Expected columns (exact): character_id, character_name, aliases, affiliation_primary, affiliation_detail, affiliation_changes, first_appearance_arc, role_type, estimated_importance

Source code in src/naruto_net/detect/mentions.py
def load_characters_csv(path: Path) -> list[Character]:
    """
    Expected columns (exact):
    character_id, character_name, aliases, affiliation_primary, affiliation_detail,
    affiliation_changes, first_appearance_arc, role_type, estimated_importance
    """
    out: list[Character] = []
    with path.open("r", encoding="utf-8-sig", newline="") as f:
        reader = csv.DictReader(f)
        for row in reader:
            aliases_raw = (row.get("aliases") or "").strip()
            aliases = [a.strip() for a in aliases_raw.split(",") if a.strip()]

            out.append(Character(
                character_id=(row.get("character_id") or "").strip(),
                character_name=(row.get("character_name") or "").strip(),
                aliases=aliases,
                affiliation_primary=(row.get("affiliation_primary") or "").strip(),
                affiliation_detail=(row.get("affiliation_detail") or "").strip(),
                affiliation_changes=(row.get("affiliation_changes") or "").strip(),
                first_appearance_arc=(row.get("first_appearance_arc") or "").strip(),
                role_type=(row.get("role_type") or "").strip(),
                estimated_importance=(row.get("estimated_importance") or "").strip(),
            ))
    return out

build_alias_index(characters)

Return (alias, character_id) pairs sorted longest-first (prevents shadowing).
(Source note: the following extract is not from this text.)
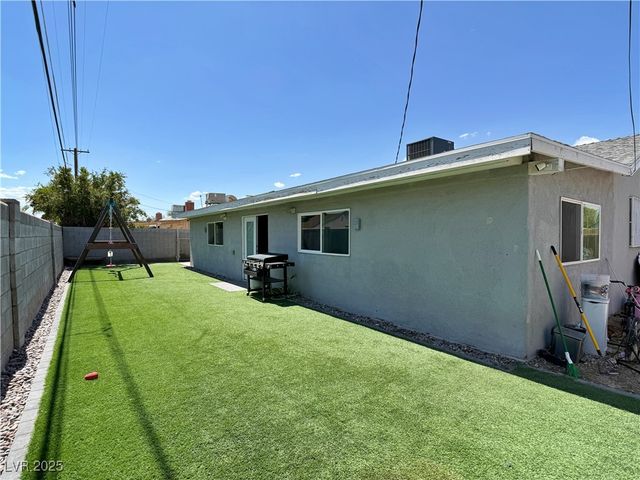 2013 Las Verdes Street, Las Vegas, NV 89102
Source code in src/naruto_net/detect/mentions.py
def build_alias_index(characters: list[Character]) -> list[tuple[str, str]]:
    """Return (alias, character_id) pairs sorted longest-first (prevents shadowing)."""
    pairs: list[tuple[str, str]] = []
    for ch in characters:
        if ch.character_name:
            pairs.append((ch.character_name, ch.character_id))
        for a in ch.aliases:
            pairs.append((a, ch.character_id))
    pairs = [(a, cid) for a, cid in pairs if a and cid]
    pairs.sort(key=lambda x: len(x[0]), reverse=True)
    return pairs

detect_mentions(text, utterance_id, alias_index)

Deterministic alias matching with word boundaries + simple confidence heuristic.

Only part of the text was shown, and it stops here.